Whether preaching or thinking aloud, at least the Moody Blues weren't peddling wicked lyrical content. How many people sought enlightenment from Eric Burdon, only to find themselves stuck in Monterey married to "A Girl Named Sandoz"? Or the aforementioned cosmic folknik Donovan? How many innocent Children of the Sixties burned their fingers trying to smoke Chiquitas simply because he told them "electrical banana's gonna be the very next phase"? What about the Beatles? How many people had to get run over before someone decided--"Hey, maybe we shouldn't do this in the road"?

The Moody Blues, on the other hand, told us things like "thinking is the best way to travel," and "watch children playing, they seem so wise." You can't go wrong with that philosophy unless you think you're an airplane, or give your toddler the power of attorney.
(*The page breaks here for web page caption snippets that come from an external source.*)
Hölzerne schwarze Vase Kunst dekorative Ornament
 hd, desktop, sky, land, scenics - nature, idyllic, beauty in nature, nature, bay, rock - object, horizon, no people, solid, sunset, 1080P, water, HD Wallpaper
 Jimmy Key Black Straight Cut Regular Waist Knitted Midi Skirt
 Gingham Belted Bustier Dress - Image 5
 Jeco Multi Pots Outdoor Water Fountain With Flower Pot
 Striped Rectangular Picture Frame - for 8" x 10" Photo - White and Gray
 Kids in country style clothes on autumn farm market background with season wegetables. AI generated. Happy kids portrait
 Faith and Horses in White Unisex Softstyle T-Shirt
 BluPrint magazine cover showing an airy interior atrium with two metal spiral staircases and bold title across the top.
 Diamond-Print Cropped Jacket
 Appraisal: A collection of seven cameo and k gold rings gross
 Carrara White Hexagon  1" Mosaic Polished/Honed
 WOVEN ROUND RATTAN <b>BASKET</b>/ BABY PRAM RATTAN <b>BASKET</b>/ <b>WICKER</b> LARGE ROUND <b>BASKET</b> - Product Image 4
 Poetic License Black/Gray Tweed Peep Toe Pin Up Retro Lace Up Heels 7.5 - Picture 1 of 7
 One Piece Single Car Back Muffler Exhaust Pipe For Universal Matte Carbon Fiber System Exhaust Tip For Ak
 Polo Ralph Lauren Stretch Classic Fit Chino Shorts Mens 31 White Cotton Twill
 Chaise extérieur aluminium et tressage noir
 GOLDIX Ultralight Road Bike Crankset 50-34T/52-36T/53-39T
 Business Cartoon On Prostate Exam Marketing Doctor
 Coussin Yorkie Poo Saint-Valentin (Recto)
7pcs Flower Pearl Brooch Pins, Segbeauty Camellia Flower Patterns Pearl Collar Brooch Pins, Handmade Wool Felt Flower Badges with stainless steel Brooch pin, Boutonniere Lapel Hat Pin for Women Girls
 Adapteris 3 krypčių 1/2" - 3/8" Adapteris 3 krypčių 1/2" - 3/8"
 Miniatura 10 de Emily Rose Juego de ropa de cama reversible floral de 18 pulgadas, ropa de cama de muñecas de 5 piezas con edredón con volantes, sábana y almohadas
Though Lodge admits the making of a Moodies album did not involve, oh, male-bonding retreats where hugging trees and sharing personal emotions were encouraged, there was always a bit of mystical tradition.

"We used to have a table we called the Magic Table that we sat 'round," he reveals. "That's where the songs were very first played. You'd feel very comfortable because it was the same table from the last album, and the one before that. You'd talk your way through the songs, 'Now, I want it to go this fast,' and tap the tempos on the table."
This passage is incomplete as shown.